The Asian Development Bank (ADB) has expressed its
willingness to provide financial support for the study and preparing
feasibility report of the $3 billion Turkmenistan-Afghanistan-Pakistan
cross border gas pipeline project recently.
This 1500km long pipeline project for transportation
of natural gas from Turkmenistan to Pakistan has been a talking point in
the energy sector for the last many years. The delayed project mainly
due to political disturbances in Afghanistan has already resulted in
cost escalation from $2 billion to $3 billion during last 5 years.
Earlier a consortium comprised of International oil and gas companies
and donor agencies had also agreed to provide project financing, however
this important project was shelved due to disturbed conditions in
Afghanistan which is the corridor passage for this gas pipeline from
Turkmenistan to Pakistan.
This project is getting importance with every passing
day in the face of growing demand of natural gas which is relatively
cost effective and much cheaper than the conventional fuels used for
transportation or power generation sectors.
On one hand, the ever-increasing petroleum prices in
the international market impairing the efforts of the manufacturing
sector for producing exportable items at competitive price, while on the
other hand the domestic consumers are also making hue and cry over
exorbitant power tariffs in Pakistan. The adequate availability of the
natural gas to replace furnace oil used for power generation is the only
way out to cut down the cost of power generation in Pakistan. If this
important gas pipeline projects gets materialized, things would
certainly improved in a big way to bring down cost of power generation
as well as other sectors including transportation cost in Pakistan.
There were reports that the ministry of petroleum is determined to
achieve the target of shifting from oil to gas within next one year.
This precious target however demands for speedy development of local gas
fields and their integration with the gas pipeline network for the
regular supplies to the relevant consumers.
The ADB is however willing to extend an aid of $1.5
million to the three countries to carry out the study. Pakistan,
Afghanistan and Turkmenistan have already signed a memorandum of
understanding in Islamabad in May to carry out the study.
STRATEGIC LOCATION
Pakistan has a unique geographic and strategic
location in Asia. It is situated at the crossroads of West, Central and
South Asia and provides access to the warm waters of the Arabian Sea.
With the fast growing markets of countries of South Asia and East Asia,
the availability and security of energy supplies to these countries is
critical for their economic development. Due to its strategic location
and the strength of its well-developed energy sector, Pakistan is vying
to emerge as a leading transit country in international energy trade in
Asia. In this respect, three transmission pipeline projects are under
consideration of the government. These projects include
Turkmenistan-Afghanistan and Pakistan pipeline, Iran-Pakistan and India
pipeline and Qatar-Pakistan pipeline.

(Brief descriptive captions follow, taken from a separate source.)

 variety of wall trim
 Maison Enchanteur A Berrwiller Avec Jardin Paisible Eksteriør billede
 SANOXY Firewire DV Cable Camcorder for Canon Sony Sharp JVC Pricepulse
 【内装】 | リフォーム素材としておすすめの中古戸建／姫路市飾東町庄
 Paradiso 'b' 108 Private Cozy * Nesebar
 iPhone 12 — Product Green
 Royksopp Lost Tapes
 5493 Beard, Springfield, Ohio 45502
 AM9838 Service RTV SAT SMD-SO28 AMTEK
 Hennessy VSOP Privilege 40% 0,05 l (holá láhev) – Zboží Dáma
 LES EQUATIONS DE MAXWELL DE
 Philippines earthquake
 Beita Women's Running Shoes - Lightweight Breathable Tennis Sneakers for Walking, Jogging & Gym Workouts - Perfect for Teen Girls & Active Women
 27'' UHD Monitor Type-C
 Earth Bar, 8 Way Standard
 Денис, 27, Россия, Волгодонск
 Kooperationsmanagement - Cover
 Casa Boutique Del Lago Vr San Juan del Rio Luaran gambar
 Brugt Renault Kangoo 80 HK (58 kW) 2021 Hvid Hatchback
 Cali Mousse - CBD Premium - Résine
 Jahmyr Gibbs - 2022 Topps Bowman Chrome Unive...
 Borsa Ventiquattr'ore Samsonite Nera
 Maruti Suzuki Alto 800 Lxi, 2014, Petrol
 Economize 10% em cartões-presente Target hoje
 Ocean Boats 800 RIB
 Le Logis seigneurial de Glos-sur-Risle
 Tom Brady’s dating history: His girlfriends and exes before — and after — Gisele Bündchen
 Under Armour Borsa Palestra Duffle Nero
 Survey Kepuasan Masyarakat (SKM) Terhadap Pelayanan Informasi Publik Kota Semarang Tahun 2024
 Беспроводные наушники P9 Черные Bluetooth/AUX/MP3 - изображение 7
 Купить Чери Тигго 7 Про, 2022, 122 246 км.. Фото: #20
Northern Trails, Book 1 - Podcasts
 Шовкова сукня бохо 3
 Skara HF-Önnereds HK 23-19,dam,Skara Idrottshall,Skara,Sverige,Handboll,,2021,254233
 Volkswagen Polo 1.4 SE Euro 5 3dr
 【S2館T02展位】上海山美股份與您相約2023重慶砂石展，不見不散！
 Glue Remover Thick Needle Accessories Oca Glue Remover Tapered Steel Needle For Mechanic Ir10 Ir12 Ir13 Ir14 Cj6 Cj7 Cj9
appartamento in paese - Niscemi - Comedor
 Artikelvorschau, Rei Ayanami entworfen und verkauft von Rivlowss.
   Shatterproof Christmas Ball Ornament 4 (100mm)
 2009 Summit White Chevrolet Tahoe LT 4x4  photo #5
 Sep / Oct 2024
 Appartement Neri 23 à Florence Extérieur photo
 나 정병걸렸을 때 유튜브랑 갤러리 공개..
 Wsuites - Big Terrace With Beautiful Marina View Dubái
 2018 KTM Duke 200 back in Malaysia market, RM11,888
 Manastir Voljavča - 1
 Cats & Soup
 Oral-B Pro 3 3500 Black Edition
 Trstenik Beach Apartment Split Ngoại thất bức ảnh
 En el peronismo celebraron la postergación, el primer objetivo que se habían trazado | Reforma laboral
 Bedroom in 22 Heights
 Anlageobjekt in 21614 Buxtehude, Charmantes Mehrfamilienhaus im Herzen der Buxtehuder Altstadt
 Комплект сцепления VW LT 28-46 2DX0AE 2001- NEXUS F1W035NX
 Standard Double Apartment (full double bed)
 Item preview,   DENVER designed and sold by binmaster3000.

In addition, a storage and export
terminal, combined with export oriented refineries, on Pakistan's
Arabian Sea coast at Gwadar can provide a convenient outlet that would
be vital for the Central Asian countries if their oil was to find
international markets.
It is amazing to note that India was confronted with
chronic energy shortage especially the natural gas to overcome its
energy problems. As soon as the normalcy returns to the bilateral
relations of the two countries, India will be the largest buyer of the
natural gas being brought from Turkmenistan.
On the local front, Pakistan has to find a way out
for replacement of the costly crude, which alone cost around a
billion-dollar per year to the economy every year. The spiraling crude
prices have always been grappling with the issue of domestic product
prices. These prices have to relate to international prices and as a
result, they have been periodically increased. In order to get rid of
this problem, Pakistan has not option but to completely switch over from
oil to gas in all respective sectors especially the sectors like power
generation, transportation and other areas of bulk energy consumption.
To encourage use of Compressed Natural Gas (CNG) especially in transport
sector conversion of diesel engines of the vehicles into CNG system is
gradually increasing in Pakistan. All the major oil market companies
have already been engaged in CNG business which, noticeably reflects in
the fast emerging CNG filling outlets in all major cities of the
country. The multi-facet advantages of the use of CNG in place of oil in
the transport sector have their own charm for the managers of the
economy.
One of the major incentives in this plan is that the
natural gas is 43 per cent cheaper than the fuel oil being used by the
bulk consumers such as power generation and transport sectors.